ROCm tests quarantined hide regressions / 2025 / Notes / Anand Chowdhary

Headline isn’t “ROCm flaked.” It’s skip debt. PyTorch’s ROCm path quarantined core tests across kernels and compilers, so CI stays green while regressions pile up. Fresh paint, cracked wall. That’s an ecosystem trust leak.

Concrete signals I’m seeing: SDPA and FlashAttention tests sat disabled on ROCm for long stretches. Even TestSDPACudaOnlyCUDA variants and transformer SDPA grads were skipped. Inductor hit SDPA meta mismatches around logsumexp shape, so ROCm needed custom meta registration.
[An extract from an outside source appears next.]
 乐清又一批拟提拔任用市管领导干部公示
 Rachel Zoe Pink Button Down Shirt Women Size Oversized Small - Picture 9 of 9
AOTriton 0.7b brought massive failures in test_transformers, followed by targeted skipping. Dynamo and Inductor dynamic‑shapes suites went to quarantine. This spans kernels, Triton and AOTriton, Inductor, and nn. And it’s sticky.

I don’t care about a single failing kernel. I care about the maintenance pattern. I’ve shipped flaky tests before (guilty), but hiding them to keep dashboards green just defers correctness debt and chips away at user confidence. Been there as a founder. Green can lie.
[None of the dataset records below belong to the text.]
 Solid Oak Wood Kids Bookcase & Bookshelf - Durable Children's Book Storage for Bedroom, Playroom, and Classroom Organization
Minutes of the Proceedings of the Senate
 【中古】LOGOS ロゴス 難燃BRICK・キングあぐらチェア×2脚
Attention paths drive LLM training and inference, so this hurts twice. Add lighter dogfooding on MI300X and distributed fragility vs NCCL baselines, and teams hesitate to treat AMD as drop in.

AMD says it’s re‑prioritizing, and ROCm 6.4 calls out faster FlexAttention, TopK, and SDPA in the PyTorch container. Good energy.
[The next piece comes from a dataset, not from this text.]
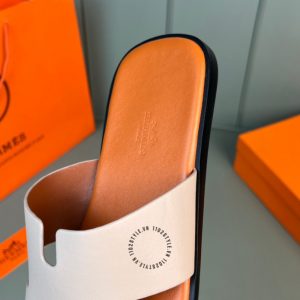 Dép Hermes nam cam phối quai hồng cao cấp hàng hiệu luxury - Hình ảnh 8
Trust returns when skip debt drops and previously quarantined suites go truly green - SDPA grads, Inductor patterns, dynamic shapes - without backend‑specific meta hacks. Measure net re‑enables over months, not one release. Ship the boring thing: delete skips.

Open questions:

What’s the plan to drive the ROCm “skipped” curve down quarter over quarter and keep it down?
When do MI300X‑class nodes become first class in PyTorch CI for SDPA and fused attention, Inductor, and RCCL scaling?
Can Triton and AOTriton plus Inductor numerics converge so attention paths stop needing ROCm‑specific meta workarounds?

As a founder, my bar is reproducible training runs and drop in inference, not pretty dashboards. Turn quarantines into passing tests on real hardware and confidence follows. Until then, plan for heterogeneity.